Recently, a new neighbor jumped over my comfort line. I believe this person is just an aggressive extrovert. But after our initial, “Hello,” the situation became a nightmare for me.
We don’t have a “conversation,” as it’s more of a monologue. Whenever this person sees me, it begins. Before I can even say that I’m in a hurry, this person is already half-way into many monologues.
The topics are always about everyone else in the building – people I don’t know or care to know. There’s never a natural break, so I’m often stuck there for long periods of time, feeling trapped.
It’s become so bad that if I see that this person’s in the parking lot, I drive on and wait it out. I’m angry that this person has pushed themselves into my life.
I’m frustrated that my home and my safe place have become a virtual prison. I don’t want to live like this but I don’t know how to handle it.
Do you have any suggestions?
Sounds to me like this person is a very lonely extrovert. If I had to guess, I would say that you’re probably not his/her only victim.
You could try a direct approach – “You know, you talk a lot, don’t you ever stop?” but I wouldn’t necessarily recommend that, unless you’re prepared for a punch in the nose.
Instead, a harsh truth can also be said gently, thereby earning respect and possible acceptance.

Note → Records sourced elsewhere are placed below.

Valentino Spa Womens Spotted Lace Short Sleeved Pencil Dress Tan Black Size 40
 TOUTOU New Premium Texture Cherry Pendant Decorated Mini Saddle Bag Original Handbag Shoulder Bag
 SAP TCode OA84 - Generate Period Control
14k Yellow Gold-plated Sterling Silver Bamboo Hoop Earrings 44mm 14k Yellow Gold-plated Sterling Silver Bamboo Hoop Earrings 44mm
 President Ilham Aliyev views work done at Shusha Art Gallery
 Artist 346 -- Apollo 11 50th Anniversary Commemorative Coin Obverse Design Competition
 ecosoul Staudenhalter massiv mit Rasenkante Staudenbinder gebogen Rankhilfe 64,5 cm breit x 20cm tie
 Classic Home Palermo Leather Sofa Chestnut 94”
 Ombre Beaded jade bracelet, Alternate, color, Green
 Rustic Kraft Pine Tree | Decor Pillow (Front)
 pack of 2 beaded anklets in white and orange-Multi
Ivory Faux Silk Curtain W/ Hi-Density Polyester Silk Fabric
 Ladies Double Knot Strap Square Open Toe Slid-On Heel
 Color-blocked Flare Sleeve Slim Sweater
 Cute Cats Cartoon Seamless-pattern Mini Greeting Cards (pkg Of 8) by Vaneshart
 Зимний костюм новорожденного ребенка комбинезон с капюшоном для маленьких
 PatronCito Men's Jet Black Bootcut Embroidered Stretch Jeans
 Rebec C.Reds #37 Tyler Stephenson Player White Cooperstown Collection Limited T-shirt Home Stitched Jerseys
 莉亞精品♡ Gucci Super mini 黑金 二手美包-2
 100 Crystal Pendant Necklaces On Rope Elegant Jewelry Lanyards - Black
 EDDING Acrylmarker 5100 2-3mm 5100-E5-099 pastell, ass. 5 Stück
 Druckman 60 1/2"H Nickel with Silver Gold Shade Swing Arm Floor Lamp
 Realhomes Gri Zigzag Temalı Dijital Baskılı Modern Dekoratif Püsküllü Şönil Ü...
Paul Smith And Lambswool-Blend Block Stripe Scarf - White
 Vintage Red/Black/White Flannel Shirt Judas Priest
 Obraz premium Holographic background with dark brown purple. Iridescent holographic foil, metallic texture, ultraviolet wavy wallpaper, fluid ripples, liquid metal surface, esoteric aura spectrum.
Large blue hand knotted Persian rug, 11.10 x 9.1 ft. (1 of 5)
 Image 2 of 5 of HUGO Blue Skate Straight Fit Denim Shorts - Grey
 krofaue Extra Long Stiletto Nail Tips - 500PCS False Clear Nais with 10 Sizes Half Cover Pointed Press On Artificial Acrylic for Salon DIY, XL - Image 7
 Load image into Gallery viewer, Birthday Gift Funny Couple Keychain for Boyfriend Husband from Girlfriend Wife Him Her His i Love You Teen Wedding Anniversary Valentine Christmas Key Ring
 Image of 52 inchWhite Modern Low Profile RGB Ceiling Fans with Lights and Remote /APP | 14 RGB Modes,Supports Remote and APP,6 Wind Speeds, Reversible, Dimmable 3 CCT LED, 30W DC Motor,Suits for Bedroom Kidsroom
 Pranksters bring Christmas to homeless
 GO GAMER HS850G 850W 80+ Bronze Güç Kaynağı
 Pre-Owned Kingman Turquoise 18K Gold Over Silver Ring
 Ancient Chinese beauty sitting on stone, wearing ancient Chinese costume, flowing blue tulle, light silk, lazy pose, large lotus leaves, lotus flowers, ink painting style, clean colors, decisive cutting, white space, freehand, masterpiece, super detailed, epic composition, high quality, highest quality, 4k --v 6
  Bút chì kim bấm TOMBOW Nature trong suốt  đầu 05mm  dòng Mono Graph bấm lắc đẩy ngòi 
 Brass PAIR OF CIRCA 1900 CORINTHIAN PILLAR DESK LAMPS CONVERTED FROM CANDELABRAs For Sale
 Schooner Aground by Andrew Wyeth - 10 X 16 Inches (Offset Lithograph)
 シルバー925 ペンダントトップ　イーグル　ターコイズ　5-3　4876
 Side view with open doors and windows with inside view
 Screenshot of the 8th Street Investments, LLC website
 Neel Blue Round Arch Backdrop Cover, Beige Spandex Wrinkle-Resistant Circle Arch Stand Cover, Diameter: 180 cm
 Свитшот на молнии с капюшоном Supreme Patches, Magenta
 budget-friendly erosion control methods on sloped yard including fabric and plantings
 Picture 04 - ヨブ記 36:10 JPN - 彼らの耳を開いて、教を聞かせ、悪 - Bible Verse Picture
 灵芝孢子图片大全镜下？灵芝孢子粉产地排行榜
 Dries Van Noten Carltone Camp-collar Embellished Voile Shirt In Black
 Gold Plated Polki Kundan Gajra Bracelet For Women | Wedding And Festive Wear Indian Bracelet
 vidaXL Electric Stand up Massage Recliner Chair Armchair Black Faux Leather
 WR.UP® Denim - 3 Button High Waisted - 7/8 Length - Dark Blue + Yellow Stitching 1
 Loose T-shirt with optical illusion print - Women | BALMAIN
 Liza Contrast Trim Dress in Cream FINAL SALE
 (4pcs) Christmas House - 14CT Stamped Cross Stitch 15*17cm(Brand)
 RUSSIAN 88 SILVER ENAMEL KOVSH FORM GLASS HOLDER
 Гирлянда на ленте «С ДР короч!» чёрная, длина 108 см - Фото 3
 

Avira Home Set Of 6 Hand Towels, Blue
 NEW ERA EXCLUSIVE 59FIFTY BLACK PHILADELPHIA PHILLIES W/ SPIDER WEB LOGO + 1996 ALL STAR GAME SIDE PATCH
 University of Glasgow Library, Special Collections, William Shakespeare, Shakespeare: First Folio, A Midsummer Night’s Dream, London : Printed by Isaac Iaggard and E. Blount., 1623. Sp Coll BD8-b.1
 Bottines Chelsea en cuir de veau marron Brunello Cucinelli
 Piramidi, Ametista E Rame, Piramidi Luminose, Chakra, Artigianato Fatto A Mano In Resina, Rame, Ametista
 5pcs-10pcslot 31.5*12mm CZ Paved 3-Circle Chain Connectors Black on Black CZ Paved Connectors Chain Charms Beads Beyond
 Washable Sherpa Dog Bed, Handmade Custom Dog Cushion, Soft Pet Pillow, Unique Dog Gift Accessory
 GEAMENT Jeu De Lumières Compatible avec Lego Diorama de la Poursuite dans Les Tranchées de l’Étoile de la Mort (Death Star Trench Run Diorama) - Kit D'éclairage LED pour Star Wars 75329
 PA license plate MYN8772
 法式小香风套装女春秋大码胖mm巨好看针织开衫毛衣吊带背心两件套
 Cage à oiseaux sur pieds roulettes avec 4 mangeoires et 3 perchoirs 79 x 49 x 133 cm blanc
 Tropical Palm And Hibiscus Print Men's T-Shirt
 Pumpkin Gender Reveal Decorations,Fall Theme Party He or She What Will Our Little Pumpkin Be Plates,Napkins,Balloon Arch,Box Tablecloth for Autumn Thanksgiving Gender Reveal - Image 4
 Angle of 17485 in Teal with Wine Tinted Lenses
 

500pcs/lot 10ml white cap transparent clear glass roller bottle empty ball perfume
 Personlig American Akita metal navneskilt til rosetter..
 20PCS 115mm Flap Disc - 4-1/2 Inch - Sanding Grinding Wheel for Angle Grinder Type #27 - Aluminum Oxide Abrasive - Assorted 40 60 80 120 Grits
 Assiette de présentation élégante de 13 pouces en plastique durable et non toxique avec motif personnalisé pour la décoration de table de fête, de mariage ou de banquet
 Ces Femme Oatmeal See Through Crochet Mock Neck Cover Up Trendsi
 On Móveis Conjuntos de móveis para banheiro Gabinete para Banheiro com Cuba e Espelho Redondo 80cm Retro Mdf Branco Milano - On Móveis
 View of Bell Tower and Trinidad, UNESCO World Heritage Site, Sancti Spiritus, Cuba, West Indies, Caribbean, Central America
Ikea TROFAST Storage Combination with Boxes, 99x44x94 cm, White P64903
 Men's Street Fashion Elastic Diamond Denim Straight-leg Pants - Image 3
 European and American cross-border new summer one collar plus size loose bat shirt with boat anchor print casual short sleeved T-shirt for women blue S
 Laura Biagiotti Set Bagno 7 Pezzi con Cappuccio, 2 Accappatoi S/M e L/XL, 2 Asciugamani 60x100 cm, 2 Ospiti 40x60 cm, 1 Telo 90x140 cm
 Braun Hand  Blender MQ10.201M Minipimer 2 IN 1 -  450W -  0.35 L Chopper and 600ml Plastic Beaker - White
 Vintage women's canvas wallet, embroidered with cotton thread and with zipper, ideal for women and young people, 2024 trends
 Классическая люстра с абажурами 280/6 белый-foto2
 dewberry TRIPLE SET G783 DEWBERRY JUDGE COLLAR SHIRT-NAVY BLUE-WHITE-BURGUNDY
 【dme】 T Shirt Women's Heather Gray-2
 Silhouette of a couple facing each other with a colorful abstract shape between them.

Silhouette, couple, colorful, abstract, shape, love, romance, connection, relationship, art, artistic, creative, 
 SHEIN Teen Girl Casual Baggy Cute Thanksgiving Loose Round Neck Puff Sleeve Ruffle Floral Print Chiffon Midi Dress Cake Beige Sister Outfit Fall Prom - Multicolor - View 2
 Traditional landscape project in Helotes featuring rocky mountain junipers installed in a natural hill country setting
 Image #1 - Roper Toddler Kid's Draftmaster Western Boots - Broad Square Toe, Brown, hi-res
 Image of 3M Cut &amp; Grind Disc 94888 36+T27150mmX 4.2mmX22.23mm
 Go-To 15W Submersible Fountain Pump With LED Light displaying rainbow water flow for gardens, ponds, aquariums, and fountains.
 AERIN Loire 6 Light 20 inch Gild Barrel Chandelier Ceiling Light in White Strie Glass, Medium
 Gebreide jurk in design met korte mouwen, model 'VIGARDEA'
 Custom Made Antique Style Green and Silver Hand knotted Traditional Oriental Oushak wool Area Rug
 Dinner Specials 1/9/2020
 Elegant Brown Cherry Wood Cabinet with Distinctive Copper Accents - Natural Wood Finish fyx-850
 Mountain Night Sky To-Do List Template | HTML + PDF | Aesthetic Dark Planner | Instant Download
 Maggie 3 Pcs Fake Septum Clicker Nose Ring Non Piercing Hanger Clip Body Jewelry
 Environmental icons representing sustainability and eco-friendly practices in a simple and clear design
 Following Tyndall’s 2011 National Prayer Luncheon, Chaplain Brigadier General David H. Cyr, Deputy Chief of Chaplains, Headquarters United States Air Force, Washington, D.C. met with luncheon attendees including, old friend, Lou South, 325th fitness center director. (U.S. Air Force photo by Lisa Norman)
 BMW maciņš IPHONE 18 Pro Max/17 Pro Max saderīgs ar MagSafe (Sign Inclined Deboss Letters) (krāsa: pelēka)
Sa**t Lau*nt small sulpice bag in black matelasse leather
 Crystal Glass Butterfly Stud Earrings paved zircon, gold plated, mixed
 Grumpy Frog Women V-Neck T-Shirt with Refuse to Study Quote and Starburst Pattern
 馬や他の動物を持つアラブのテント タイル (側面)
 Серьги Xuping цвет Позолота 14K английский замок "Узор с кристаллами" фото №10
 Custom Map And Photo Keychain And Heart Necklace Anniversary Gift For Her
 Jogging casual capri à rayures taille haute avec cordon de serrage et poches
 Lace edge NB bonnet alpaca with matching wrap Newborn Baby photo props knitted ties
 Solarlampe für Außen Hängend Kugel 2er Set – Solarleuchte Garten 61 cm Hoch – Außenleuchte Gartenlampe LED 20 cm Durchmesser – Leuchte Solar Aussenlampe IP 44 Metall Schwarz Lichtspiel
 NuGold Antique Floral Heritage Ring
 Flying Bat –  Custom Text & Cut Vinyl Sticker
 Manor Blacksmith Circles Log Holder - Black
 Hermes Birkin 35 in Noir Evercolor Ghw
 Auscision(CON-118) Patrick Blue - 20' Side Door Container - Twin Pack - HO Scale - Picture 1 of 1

Try this, the next time he/she pauses to take a breath, put your hand up and signal, “One minute.” Then say, “You’ve said a lot of things about people that I like and I’m usually very careful about saying negative things about people – it’s part of my religion.”
Will he/she get the hint? Possibly not. In that case try one of the following:
- “I’m not really a morning/evening person, so I’m not much for conversation now. See you another time.”
- “Oooh, there’s something I wanted to tell you, but I have to run to the bathroom. Maybe later.” (If, heaven forbid, they call and remind you that you wanted to say something, shrug it off and say it wasn’t important.)
- “Just got home from work, gotta rest. Maybe later.”
- “You’ve given me a lot to think about. Gotta go.”
Realize that an extrovert needs to talk. Some people take it to an extreme. .He/she will probably never acknowledge that you are running away from them but sooner or later, if you keep on backing away “politely,” they’ll accept a little wave hello and go on to find someone else who is willing to listen.